The line is a vomito-aesthetic concrescence of a larger, mystifying ideology known both as "official art" and its false rival "avant-garde art" whose purposes are both to entrench administrative culture and delimit the range of experiences we call "human" as a broader push continually to establish, disenchant, and rationalize advanced, industrial society. It's a trumped up vomitnothing about which and around which belief and conviction and argument are purposefully constructed in spasms of pseudo-activity—the purpose of which is to mobilize collective narcissistic excitement in a genre characterized by ethical inaction.
So, yeah. Our world is in peril. We don't have time for the line, except against a backdrop of those cosmologies positing (a) an eternal realm, (b) an impending apocalypse followed by redemption for true believers, (c) a viable suburbia. Basically, we live in a time in which poetry has to resist itself and its own unsustainable habits in favor of facing reality. The line is one such conceptual habit; an iterative fraud. Renounce it quickly.

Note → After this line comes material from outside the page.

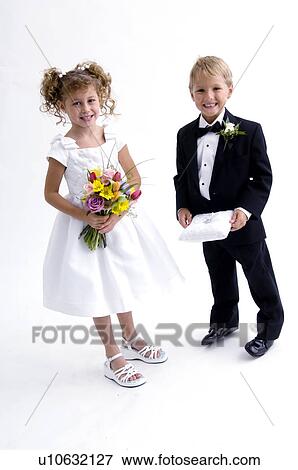 Ring bearer and flower girl View Large Photo Image Stock Photo - Ring bearer and flower girl. Fotosearch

This necessary renunciation will inevitably extend to poetry's other most favored myths: that song destroys illusion; that dysraphic poetry also destroys illusion and, unlike song, also destroys capitalist hegemony; that messing with syntax is somehow in itself politically radical; that formalism is really exhaustively open to content; that close reading isn't textual fetishism; that craft isn't technical fetishism; that imagination is somehow by itself salutary; that poetry is precious speech uttered by special beings or by necessarily radical people.

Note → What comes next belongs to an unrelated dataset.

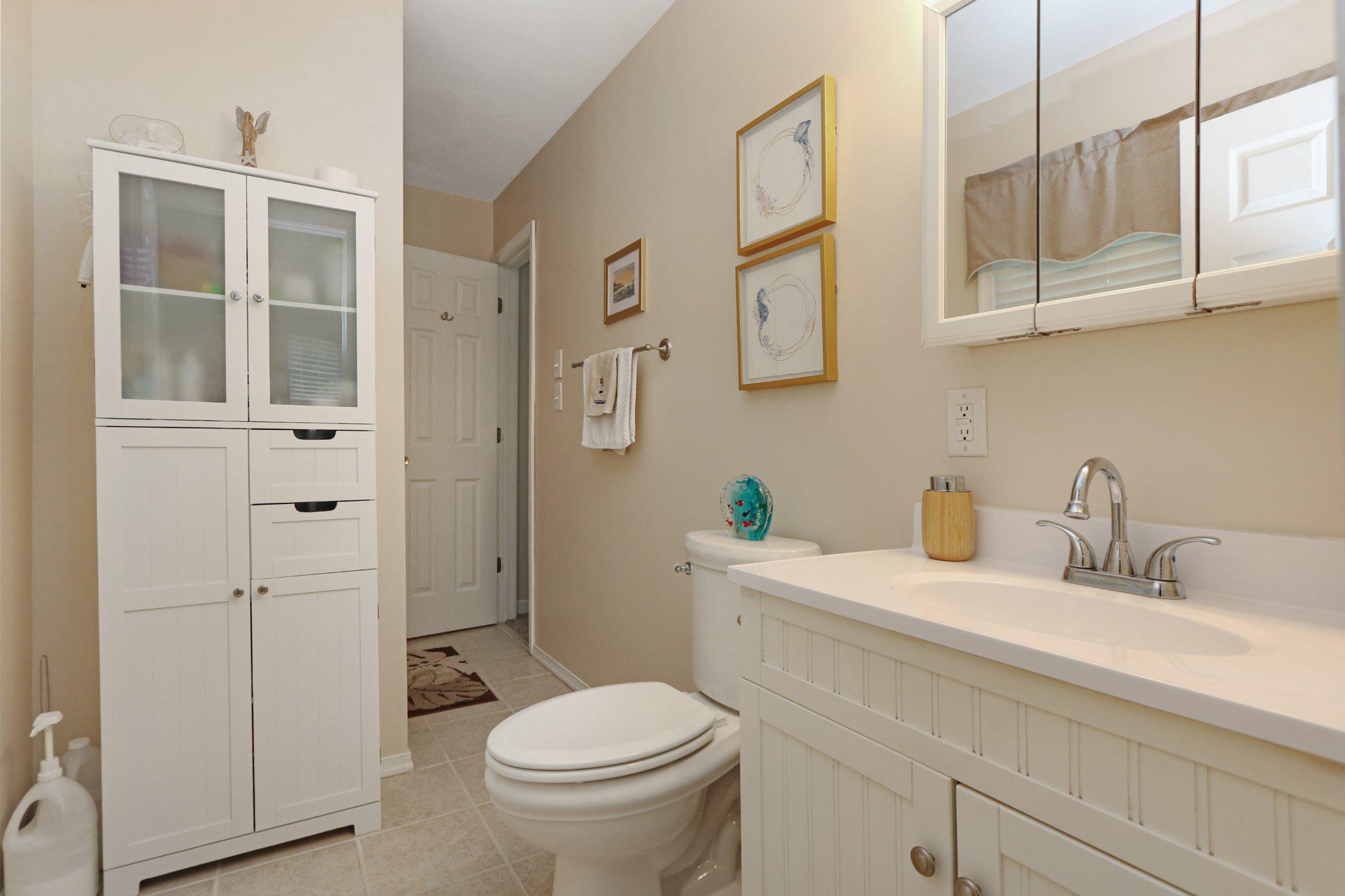 13431 Solitude Trail Machipongo, VA 23405 - Photo 22 of 32 Charming bathroom with serene decor.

In short, the line is an ideological device masquerading as an aesthetic element. Which would in itself not be a bad thing, except for the fact that the current effect of what gets called "art" in our world, or what gets called "poetry" in our life, is in fact to limit the number and categories of experience in which, by which, and through which one can become what one is and work toward justice and develop a truly loving heart. If we are to stop the professional suppression of joy that we call literature, and if we are to cease manufacturing false needs through poetry, if in short we are to stop treating poetry as both a kind of country music and a hipster cagefight, we'll need at some point to wake up and stop ritualizing literature, stop valorizing its sacred heresies, and stop attributing inherent value to technique (both belletristic technique and dysraphic technique—as they are two sides of the same coin). Breaking the habit of obeisance to the religion of literature would especially mean renouncing poetry's fetishes, sublanguages, arguments, battles—especially its purportedly liberational ones—in favor of poetry's fundamental ethical argument, pragmatic kosmophilia, and not confusing that renunciation as further invitation to bicker. Why climb pebbles?
And let's maybe instead spend that time and energy in sacralizing our relationships to one another, to our Selves, to other animals, to plants, to sunlight, to rivers, to lakes, to soil, to compost, to seas, to air.
The line is the place where all your hang-ups can go.